Pasalnya, tahun 2024 akan menjadi tahun pemilu terbesar sepanjang sejarah dunia. Warga di lebih dari 60 negara yang mewakili lebih dari setengah populasi dunia akan memberikan suara mereka pada tahun 2024. Sekitar 4 milyar orang akan memberikan suara mereka dalam pemilihan presiden, legislatif, dan kepala daerah. Pemilu (pemilihan umum) tersebut akan berkisar mulai dari pemilu legislatif yang berlangsung beberapa hari di India (dan ini merupakan yang terbesar di dunia), pemilihan presiden di Indonesia yang dilaksanakan dalam satu hari (juga merupakan yang terbesar di dunia), hingga pemilu presiden di Makedonia Utara dengan populasi 2,1 juta penduduk.
Pemilu tahun 2024 akan mencakup pemungutan suara yang bebas dan terbuka, semisal pemilu presiden Islandia yang akan diadakan di negara paling demokratis ketiga di dunia, menurut Economist Intelligence Unit. Lalu, ada negara-negara dengan pemilu yang kurang bebas, semisal Korea Utara. Di antara kedua negara tersebut adalah sisa pemilu yang akan dilaksanakan pada akhir tahun 2024. Termasuk pemilihan Presiden Amerika Serikat. Pemilu di mana pemenang suara terbanyak sebenarnya ternyata kalah dalam dua pemilu dari enam kampanye terakhir. Pertaruhan dalam pemilu tahun 2024 juga akan sangat besar, tidak hanya bagi negara-negara yang akan melakukan pemilu, namun juga bagi dunia secara keseluruhan.
Demokrasi dalam Pemungutan Suara
Akankah Taiwan, yang akan mengadakan pemilu pada tanggal 13 Januari 2024, mengambil risiko meningkatkan kemungkinan perang dengan Tiongkok? Akankah Kongres Nasional Afrika, partai Nelson Mandela, akhirnya kehilangan kekuasaan di Afrika Selatan pasca-apartheid? Akankah Parlemen Eropa terus melihat peningkatan jumlah partai sayap kanan? Dan, ketika Donald Trump dan Joe Biden berhadapan lagi di AS, seperti yang diharapkan, apakah hasilnya akan berbeda dibandingkan tahun 2020?
Namun, AS bukanlah satu-satunya negara yang merasa bahwa tidak hanya tarif pajak atau kebijakan luar negeri yang akan dipertimbangkan pada tahun 2024, namun juga demokrasi itu sendiri. Pemilu pertama tahun 2024, yaitu pemilu parlemen di Bangladesh pada tanggal 7 Januari, bahkan tidak menampilkan partai oposisi utama, yang memboikot kampanye tersebut karena klaim bahwa pemilu tersebut akan dikompromikan.
Baca juga: Prof.
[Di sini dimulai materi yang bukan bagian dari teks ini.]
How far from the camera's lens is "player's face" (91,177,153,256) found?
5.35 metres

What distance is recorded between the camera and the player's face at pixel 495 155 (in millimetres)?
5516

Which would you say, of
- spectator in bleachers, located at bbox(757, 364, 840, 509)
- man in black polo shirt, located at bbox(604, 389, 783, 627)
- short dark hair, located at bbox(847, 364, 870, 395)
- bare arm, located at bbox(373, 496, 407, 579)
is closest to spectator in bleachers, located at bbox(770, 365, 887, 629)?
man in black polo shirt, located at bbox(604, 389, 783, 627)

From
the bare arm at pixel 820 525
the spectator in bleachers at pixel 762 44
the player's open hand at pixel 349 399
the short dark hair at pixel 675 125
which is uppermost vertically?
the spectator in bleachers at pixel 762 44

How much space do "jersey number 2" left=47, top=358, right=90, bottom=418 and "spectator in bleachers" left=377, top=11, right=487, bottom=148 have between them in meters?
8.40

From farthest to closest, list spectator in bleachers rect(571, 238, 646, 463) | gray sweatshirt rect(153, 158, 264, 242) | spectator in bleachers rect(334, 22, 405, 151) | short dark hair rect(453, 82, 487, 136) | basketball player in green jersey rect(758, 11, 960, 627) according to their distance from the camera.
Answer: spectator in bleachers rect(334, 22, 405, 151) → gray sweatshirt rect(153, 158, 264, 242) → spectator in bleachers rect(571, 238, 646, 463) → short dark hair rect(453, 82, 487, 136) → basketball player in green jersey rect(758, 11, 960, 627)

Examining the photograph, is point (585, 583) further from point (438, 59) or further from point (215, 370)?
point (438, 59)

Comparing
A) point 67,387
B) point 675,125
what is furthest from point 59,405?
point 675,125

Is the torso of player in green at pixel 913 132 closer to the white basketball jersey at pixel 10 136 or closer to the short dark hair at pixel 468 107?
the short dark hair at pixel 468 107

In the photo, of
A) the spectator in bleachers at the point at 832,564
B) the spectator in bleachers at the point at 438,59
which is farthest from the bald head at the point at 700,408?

Dr. Din Syamsuddin: “Dari Debat Pilpres Tampak Perbedaan Watak Pemimpin”
Dua pemilu terbesar tahun ini akan ada di India dan Indonesia. Proses pemilu di dua negara tersebut akan dibayangi oleh para pemimpin yang dipilih secara demokratis di negara-negara tersebut, yang konon katanya semakin otokratis dalam pemerintahannya. Menurut laporan Keadaan Demokrasi Global dari International IDEA, setengah dari seluruh negara telah mengalami penurunan setidaknya dalam satu indikator demokrasi selama lima tahun terakhir.
Anggap saja hal ini sebagai paradoks demokrasi. Meskipun pada tahun 2024 akan semakin banyak orang yang melakukan tindakan paling mendasar dalam demokrasi (memberikan suara), namun demokrasi itu sendiri tak jarang malah terasa lebih rentan. Seperti yang dikatakan oleh pemenang Nobel Perdamaian dan jurnalis investigasi, Maria Ressa, kepada Politico baru-baru ini. “Kita akan tahu apakah demokrasi hidup atau mati pada akhir tahun 2024,” ujarnya.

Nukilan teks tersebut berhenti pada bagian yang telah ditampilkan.